49. "The Demon-Haunted World: Science As A Candle in the Dark"- Carl Sagan. I love Sagan and I respect what he's doing here, but it all feels, well, a little obvious. I mean yeah, yes, of course, many people would disagree, but I doubt they're reading Carl Sagan books.

50. "A Supposedly Fun Thing I'll Never Do Again." -David Foster Wallace. A little less enthralling than "Consider the Lobster" but still a bench-mark for creative non-fiction. 

51. "Houses Are Fields"- Taije Silverman. My mentor wrote these poems, she's brilliant and these poems are all beautiful and situated at the exact mid-point between melancholy and universal infatuation that you need to appreciation when you're a week away from leaving your undergraduate career behind.

52. "Death in Venice"- Thomas Mann. I figured it was about time I read this, so I did. It was no Magic Mountain or Buddenbrooks, I'll say that much.
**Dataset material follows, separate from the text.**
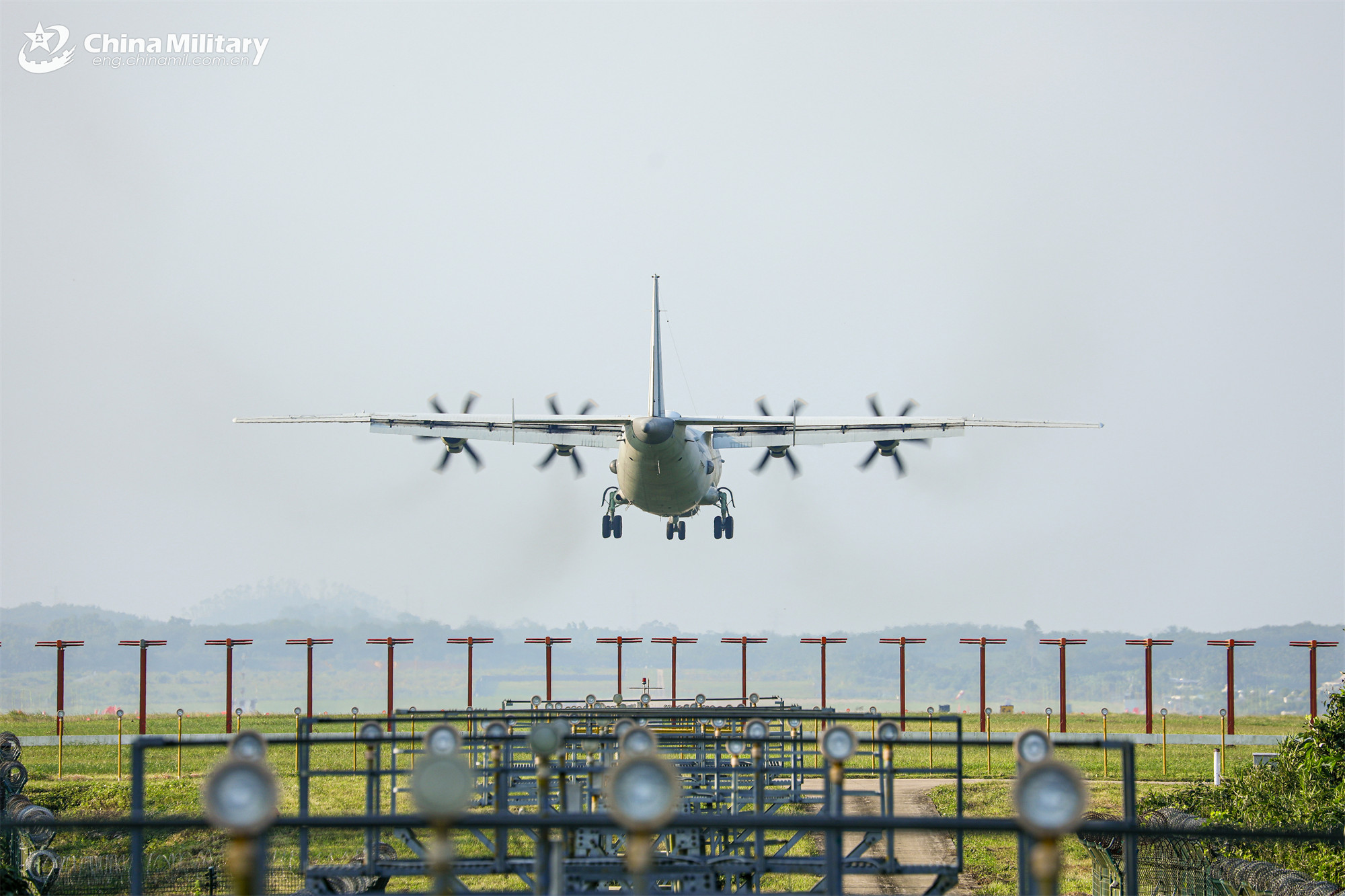 Y-8 anti-submarine patrol aircraft in maritime training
Legitimately curious if this is the go-to for Mann just because its the shortest?

53. "Omega the Unknown"-Jonathan Lethem. Jonathan Lethem decided to do a super-hero comic. What's odd is that it is equal parts rip-off of Gerber's original Omega, and rehash of Fortress of Solitude, but it still held together and said something new. Weird arithmetic. 

54. "Heart of a Dog"- Mikhail Bulgakov. Not too pleased with this. Maybe "The Master and Margarita" set the Bulgakov bar too high for me. It all just seemed really heavy-handed.
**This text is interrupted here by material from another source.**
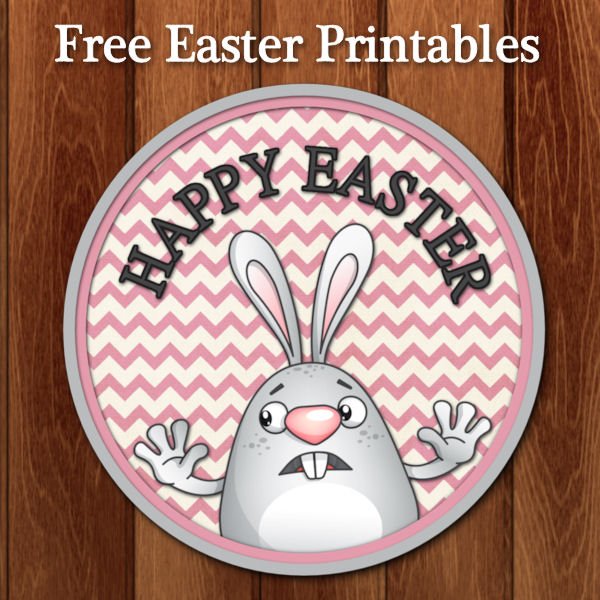 Happy Easter Bunny Stickers Free Download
55. "Monster"- Naoki Urasawa. In which I closed the blinds and locked the door and read a Japanese manga comic. Actually, it was really good in an "I'm Graham Greene and I need to put food on the table" kind of way. Tightly paced and plotted, solid characterization, very impressive cartooning. As far as thrillers go, I'd recommend it.
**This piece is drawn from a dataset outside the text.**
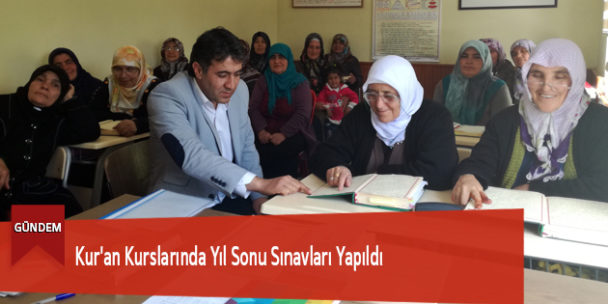 Kur’an Kurslarında Yıl Sonu Sınavları Yapıldı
56. "Love Lessons: Selected Poems of Alda Merini"-Alda Merini. As I understand it, she kind of fulfills the same poetic archetype in Italy as Plath does here, except she lived much longer. I liked this collection, but I'll admit a lot of that might actually be due to the translation, which is nice and crisp and minimal. The actual imagery and ideas felt a little blah to me on occasion. Saw her speak at... Princeton? Princeton or U Penn, I think. She died a few months later and I could tell that even moreso than usual, nobody cared about another dead writer. Never stops making me depressed when it happens. The last book I read at Ursinus, as a student. Sad.

57. "The Partly Cloudy Patriot"-Sarah Vowell. Sarah Vowell gets to join David Sedaris in the club of people I like on This American Life but do not like reading books by.

58. "The Man Who Mistook His Wife For a Hat" -Oliver Sacks. I read "An Anthropologist on Mars" a few years ago and was iffy about it, but I did like this. I feel like he does less talking down to his audience, and less patronizing lionizing of his subjects. Just a more honest-feeling book overall, I suppose.

59. "On the Pleasure of Hating"- William Hazlitt. Hazlitt is a great stylist, and some of his essays on boxing are really funny. Anyway, this was for the first blog post on here. Back when I updated it.

60. "2666"- Roberto Bolano. I read the first 300 or so pages of this slowly, in the midst of some other books, but blazed through the nightmarish middle section and sublime ending in three or four days including a camping trip in New Hampshire in which no given person was sober for more than maybe 15 seconds, which is not a pleasant state of mind for all those crimes, but is an effectively mimetic one, or something. My book of the year, I think, one that is still lodged in there just as unshakably as it was over half a year ago.